发布时间:2018-04-26 18:18

  本文选题:数据挖掘 + 朴素贝叶斯 ; 参考:《西安理工大学》2017年硕士论文


【摘要】:随着信息技术的普及、大数据时代的到来,数据深度分析的需求也越来越大,数据挖掘技术便是一种实现从信息到知识转变的有效工具。而朴素贝叶斯算法是国际权威的数据挖掘学术会议评选出来的数据挖掘领域的十大经典算法之一,朴素贝叶斯模型发源于古典概率论,有着坚实的数学基础,以及稳定的分类效率。同时,它所需估计的参数少,对缺失数据不太敏感,算法也比较简单。理论上,朴素贝叶斯模型与其他分类算法相比具有最小的误差率。但是由于其假设属性之间相互独立,而实际应用中这个假设往往不成立。在属性个数较多或者属性之间相关性较大时,模型性能会降低。本文主要针对朴素贝叶斯算法的不足在属性选择和属性加权两个方面对其进行改进。在属性选择方面,先引入信息价值指标,得到第一个与类别相关度较高的属性子集,然后在此基础上进一步过滤冗余属性,得到第二个属性子集,分别在这两个属性子集上构造朴素贝叶斯分类模型。分析发现对初始属性集合进行两次属性选择构造的朴素贝叶斯分类模型既实现了属性降维的目的又提高了分类准确率。

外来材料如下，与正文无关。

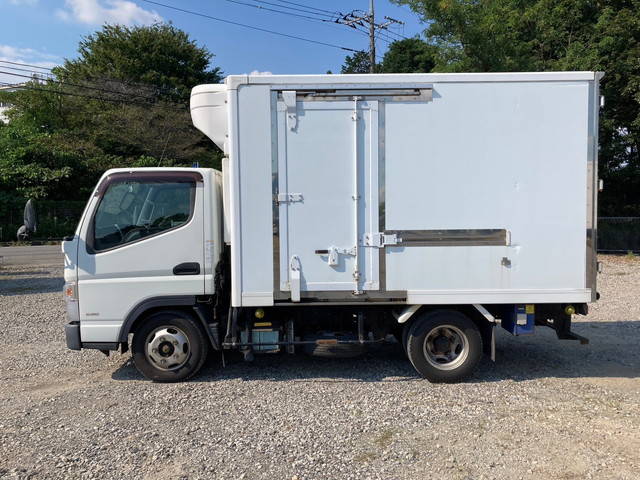 三菱ふそうキャンター冷凍車（冷蔵車）小型（2t・3t）[写真32]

在属性加权方面,通过层次分析法量化经验知识,对样本训练的权值进行调整,得到更加全面的权值,根据属性取值的重要程度对朴素贝叶斯分类计算公式中的后验概率加权,提高分类准确率。然后结合属性选择和属性加权的优势,对朴素贝叶斯算法进行选择加权,该算法先通过信息价值指标对初始属性集进行二次属性选择,再通过层次分析法计算权值,在最优属性子集上构造加权朴素贝叶斯分类器,并在通用数据集上进行实验验证。最后将改进的朴素贝叶斯算法合理地应用到电信行业的垃圾短信用户识别模型中,通过在Spark平台上进行实验分析证明其有效性,从而进一步提高垃圾信息治理工作效果,优化垃圾信息治理的技术。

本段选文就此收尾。